In Deep Learning for Natural Language Processing, supervised text generation tasks are usually trained by minimizing the cross-entropy loss (i.e. an error) between the ground-truth sequence and the predicted sequence. However, when we tackle unsupervised text generation task, we may be interested in feeding the generated sentence in other networks such as classifiers (or Encoder-Decoders when doing back-translation). Yet, if the predicted sequence was generated by sampling tokens on a distribution that is the output of a softmax layer, the sampling operation “breaks the chains of differentiability” in the model, and stop the backpropagation of gradients during training. Reinforcement Learning has been used to workaround the non-differentiability of sampling but we present here two different tricks: SEQ3 : Differentiable Sequence-to-Sequence-to-Sequence Autoencoder for Unsupervised Abstractive Sentence Compression from Christos Baziotis et al. and Von Mises-Fisher Loss for Training Sequence to Sequence Models with Continuous Outputs from Sachin Kumar et al.

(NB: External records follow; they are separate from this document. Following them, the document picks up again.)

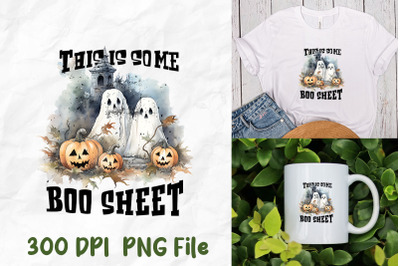 This Is Some Boo Sheet Halloween Ghost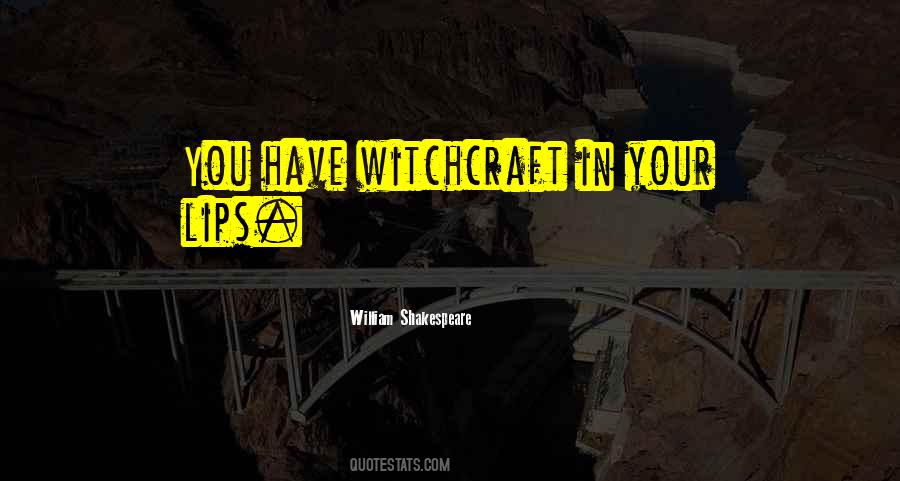Quotes About Witchcraft #151882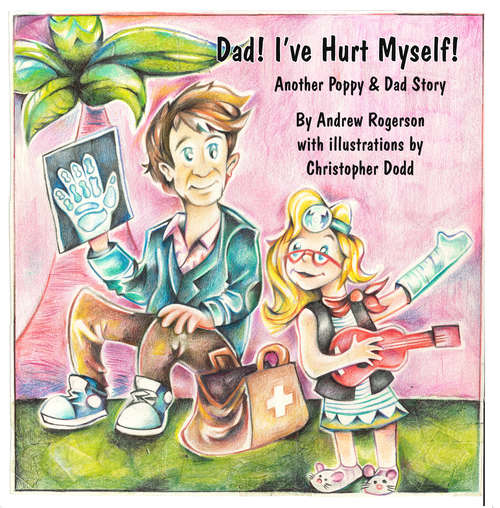Book cover of Dad I've Hurt Myself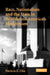 Race, Nationalism and the State in British and American Modernism by Patricia E. Chu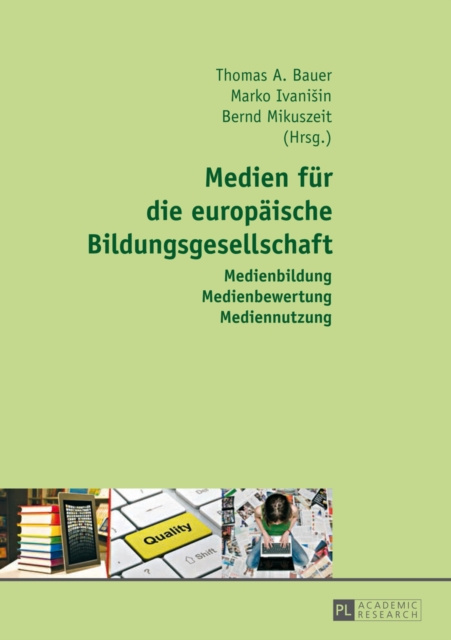 E-kniha Medien fuer die Europaeische Bildungsgesellschaft Bauer Thomas A. Bauer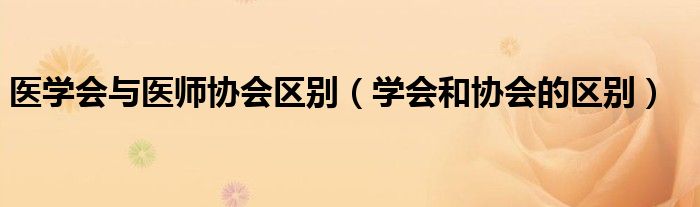 医学会与医师协会区别（学会和协会的区别）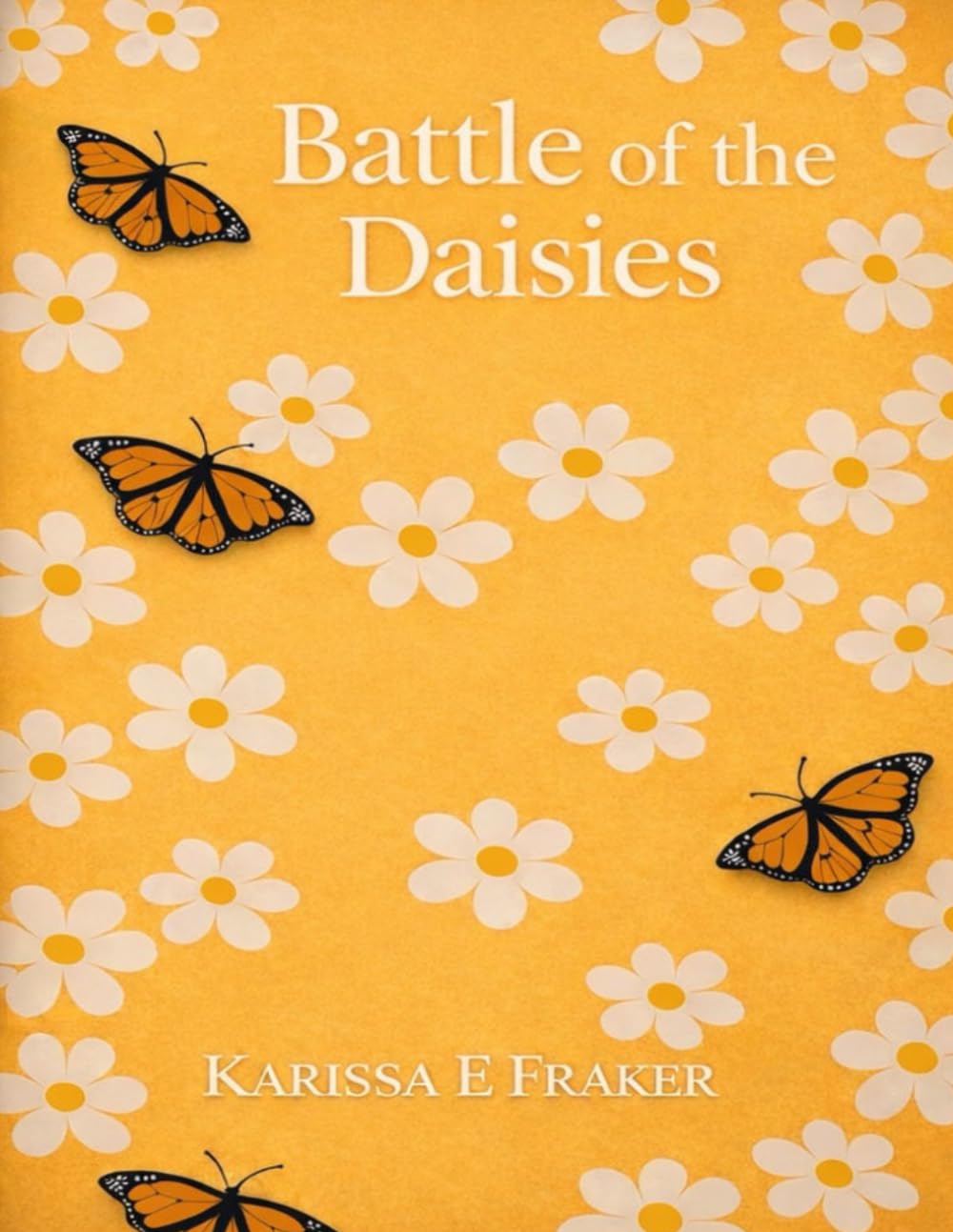 Battle of the Daisies: A collection of poems from a scattered mind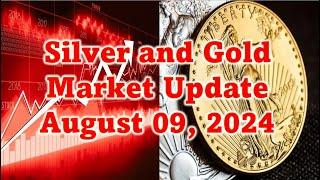 Silver and Gold Market Update - August 9, 2024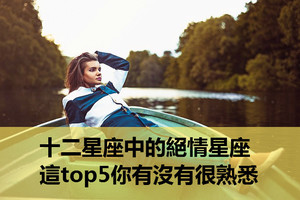 十二星座中的絕情星座，這top5你有沒有很熟悉？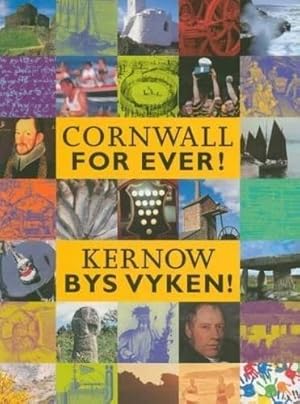 Bild des Verkufers fr Cornwall for Ever!: Kernow Bys Vyken! zum Verkauf von WeBuyBooks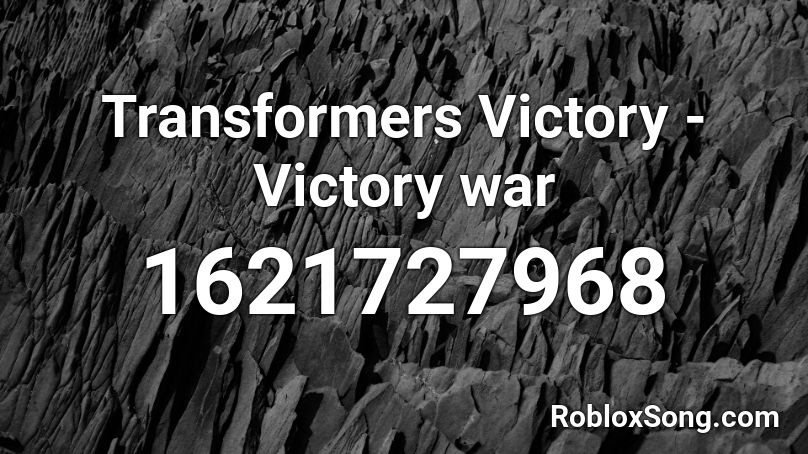 Transformers Victory - Victory war Roblox ID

Approximation of discrete sampling with continuous mixture of embeddings
Christos Baziotis et al.‘s work tackles a Sequence-to-Sequence task similar to Machine Translation or Text Style Transfer: Unsupervised Sentence Compression. Their Encoder-Decoder is trained similarly to the back-translation training in Lample et al. (2018b), where the (pseudo-translation, back-translation) pair is now a (compressor, reconstructor) pair. Note that both systems are Sequence-to-Sequence-to-Sequence Autoencoders.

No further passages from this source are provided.